シリア反政府組織が新統合体 支援の受け皿に
【テヘラン=中西俊裕】内戦状態が続くシリアの主要反政府組織は11日、カタールで開いた会合で新たな統合体の設立に合意した。シリア内外から国民評議会(SNC)メンバー、武装勢力指揮官など60人が参加し、米欧やアラブ諸国からの支援の受け皿となる狙い。今後は国際社会の承認や支援の広がりをテコに、アサド政権打倒へ強い結束を維持できるかが課題となる。
新統合体の名称は「反政府・革命勢力のためのシリア国民連合」。亡命者を中心とするSNCメンバーのほか、シリア国内の活動家や武装勢力の指揮官らで構成。

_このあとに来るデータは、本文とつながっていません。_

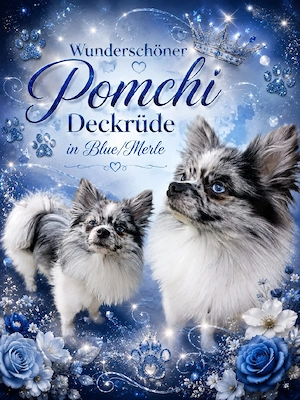 Wunderschöner Pomchi Deckrüde in Blue Merle (Kein Verkauf) !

議長には穏健派のイスラム教説教師、ムアズ・ハティーブ氏を選出した。
ある反政府関係者は「すでにサウジ、トルコ、エジプトから資金獲得へ向け支持を得た」と表明。さらに国際社会の幅広い承認や支援を呼びかける考えだ。ただSNCと武装勢力の間には相互不信も残り、支援金の管理や配分で混乱も想定される。
シリア反政府勢力を巡っては、内部の路線対立によりSNCの影響力が低下。クリントン米国務長官が「反体制派のリーダーとは見なしていない」と指摘するなど、組織再編が急務だった。
アサド政権による民衆弾圧を懸念する欧米やアラブ諸国は、反政府各派に結束力のある統合体を作れば支援金を拠出できると示唆。シリア反政府各派はカタールで一週間以上会合を繰り返し、統合体の構成や運営方法を討議した。